Oui. J’ai demandé aux membres de la commission s’ils avaient des questions. Je souhaitais en effet qu’au moins un jour avant, les groupes puissent en avoir connaissance pour se donner le temps, le cas échéant, de le sous-amender. Ne m’en faites pas le reproche, nous avons veillé à ce que l’on respecte, non seulement les formes, mais que l’on aille au-delà, ce qui était nécessaire eu égard à l’importance de l’amendement. Il n’y avait pas de raison qu’il échappe à la vigilance de la commission spéciale. Vous avez dit tout à l’heure que la commission ne l’avait pas examiné, aussi je me permets, sur ce point, de vous dire que c’est inexact.
Deuxième remarque : lorsque les rapporteurs traitent de leurs thèmes, au sein de leurs chapitres, le temps n’est pas décompté ; lorsqu’ils présentent des amendements en dehors des chapitres qui les concernent, le temps est décompté du temps de parole du groupe auquel ils appartiennent, qu’il s’agisse du groupe RRDP ou du groupe socialiste. Par ailleurs, la majorité des amendements des rapporteurs sont rédactionnels – il ne s’agit pas de leur en faire grief, puisque leur rôle est de parfaire le texte.
Comme le président Le Roux l’a rappelé, du temps supplémentaire a été attribué au groupe qui a quitté l’hémicycle, ce qui est dommage. Je pense qu’ils en ont connaissance ; peut-être reviendront-ils pour examiner les articles en question.
J’ai vécu la même scène que Bruno Le Roux ; lorsque nous étions dans l’opposition avec Jean-Yves Le Bouillonnec et quelques autres, je me souviens que l’on m’a coupé la parole alors que j’étais en train de présenter un amendement.
Exclamations sur plusieurs bancs.
Sourires.
Lorsqu’un groupe n’est physiquement plus là, ses amendements ne sont plus appelés. Dans le cas contraire, l’amendement est appelé et défendu, ce qui oblige le rapporteur et le Gouvernement à apporter des réponses. Telle est la règle, qui demeure même s’il n’y a plus de temps. Si nos collègues ne reviennent pas, ils n’auront aucun avis sur leurs amendements, ce qui est pourtant important, étant précisé que ces avis peuvent être favorables.
La parole est à M. Denys Robiliard, rapporteur thématique, qui va s’en tenir à l’amendement.
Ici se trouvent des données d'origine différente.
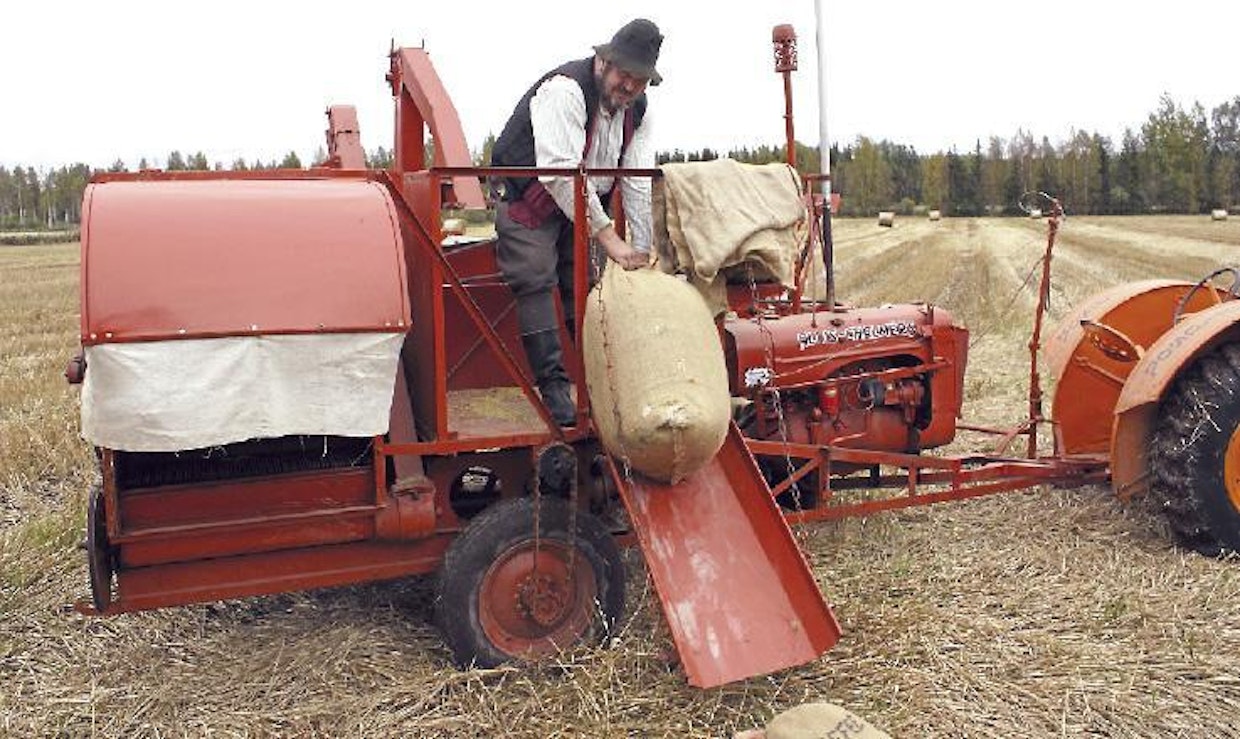Lopuksi säkit liukumäkeä myöten alas ja Mörkö-Majurin kyydissä varastoon odottamaan talvea ja metsäkauriita. Säkkimiehenä toimi Axel Hämäläinen (vas.) ja puimurikuskina Hannu Sahlberg Rautalammin Yhtyneistä Puimahyppääjistä.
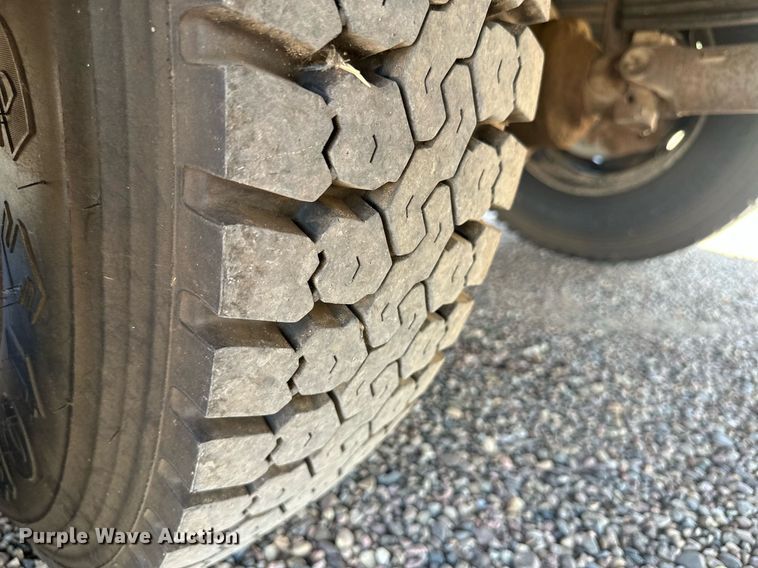 image for item OC9426 1999 Blue Bird  school bus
Il ne vous a pas échappé que la discussion portait à la fois sur le principe du temps programmé et ses avatars, et sur l’amendement du Gouvernement. Je voulais simplement dire à Mme Fraysse que le mécanisme proposé n’a pas pour objet de permettre ce que l’on appelle la « violation efficace d’un droit », autrement dit le fait d’anticiper les conséquences de la violation délibérée d’un droit en en connaissant le coût, dans le cadre d’un calcul rationnel. Il ne faut pas s’imaginer qu’un employeur ne sait pas, au moins approximativement, quel coût il devra prendre en charge ou quel risque il encourt.
Quand on lui intente un procès, l’employeur doit le provisionner. Comment calcule-t-il le coût ? Il le demande à son avocat, qui est directement interrogé par le commissaire aux comptes, dans le cas où l’employeur y a recours. Il lui répond, souvent en faisant passer la lettre par l’intermédiaire de son client, afin de respecter le secret professionnel. Il lui dit quels sont les risques, quelle est la jurisprudence habituelle du conseil de prud’hommes ou de la cour d’appel. Il lui dit qu’il aura tant à payer, que le fait de devoir rembourser les Assedic dans la limite de six mois de salaire, cela fera tant. Il affecte éventuellement la somme d’un coefficient.
Il est heureux que l’on dispose de ces moyens, car cela signifie que la justice est prévisible. Cela ne signifie pas que l’on connaît le montant exact et qu’il n’y a pas d’aléa judiciaire, mais, simplement, qu’il y a une prévisibilité. Que serait, en effet, une justice non prévisible ou qui n’est pas prévisible a minima ? Ce serait une justice arbitraire.
Il est procédé au scrutin.
Voici le résultat du scrutin :
Nombre de votants: 39 Nombre de suffrages exprimés: 38 Majorité absolue: 20 Pour l’adoption: 30 contre: 8 (L’amendement no 3290 est adopté.)
Prochaine séance, ce soir, à vingt-deux heures :
Suite de la discussion du projet de loi pour la croissance, l’activité et l’égalité des chances économiques.
La séance est levée.
La séance est levée à vingt heures vingt-cinq.